* [Ling-Spam dataset](http://openclassroom.stanford.edu/MainFolder/DocumentPage.php?course=MachineLearning&doc=exercises/ex6/ex6.html)
  * Preprocessed
* [Bag of Words](http://scikit-learn.org/stable/modules/feature_extraction.html#text-feature-extraction)
  * CountVectorizer
    * binary=True
* [Multinomial vs Bernoulli Naive Bayes](http://scikit-learn.org/stable/modules/naive_bayes.html)
* [20 Newsgroups](http://scikit-learn.org/stable/datasets/index.html#the-20-newsgroups-text-dataset)

In [34]:
import glob

In [57]:
def read_ling_spam(directory):
    files = glob.glob("ling-spam/{}/*.txt".format(directory))
    texts = []
    for file in files:
        with open(file) as fh:
            texts.append(fh.read())
    return texts

spam_train = read_ling_spam("spam-train")
non_spam_train = read_ling_spam("nonspam-train")
spam_test = read_ling_spam("spam-test")
non_spam_test = read_ling_spam("nonspam-test")

In [58]:
from sklearn.feature_extraction.text import CountVectorizer

In [100]:
vectorizer = CountVectorizer()
vectorizer

CountVectorizer(analyzer='word', binary=False, decode_error='strict',
        dtype=<class 'numpy.int64'>, encoding='utf-8', input='content',
        lowercase=True, max_df=1.0, max_features=None, min_df=1,
        ngram_range=(1, 1), preprocessor=None, stop_words=None,
        strip_accents=None, token_pattern='(?u)\\b\\w\\w+\\b',
        tokenizer=None, vocabulary=None)

In [60]:
vectorizer.fit(non_spam_train + spam_train)

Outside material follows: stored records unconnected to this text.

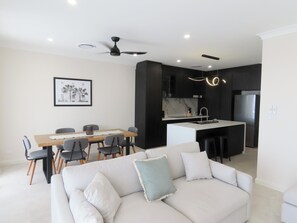 Living area - "Stone" 2 Master Suites, Bay Views, Walk to Marina (Nelson Bay)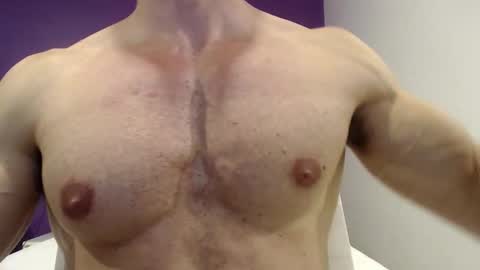 Snapshot of razorramon13 chatting on 9, 10, 2025 razorramon13 online show from 9, 10, 2025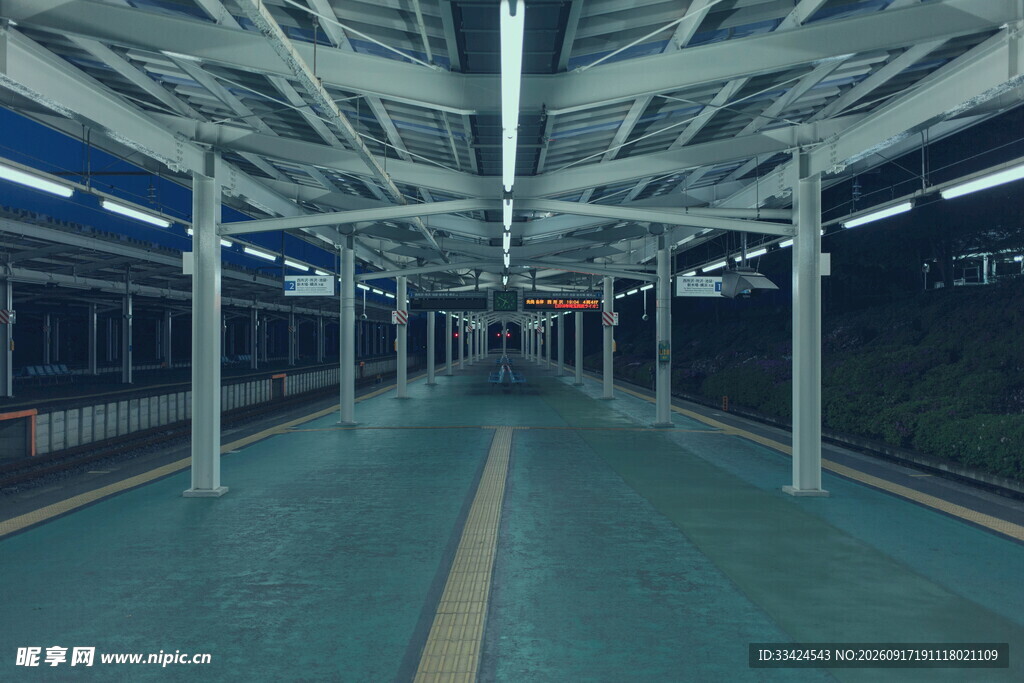空旷地铁站台内部景象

X_train = vectorizer.transform(non_spam_train + spam_train)
y_train = ['non-spam'] * len(non_spam_train) + ['spam'] * len(spam_train)
X_test = vectorizer.transform(non_spam_test + spam_test)
y_test = ['non-spam'] * len(non_spam_test) + ['spam'] * len(spam_test)

In [88]:
vectorizer.get_feature_names()[1000:1005]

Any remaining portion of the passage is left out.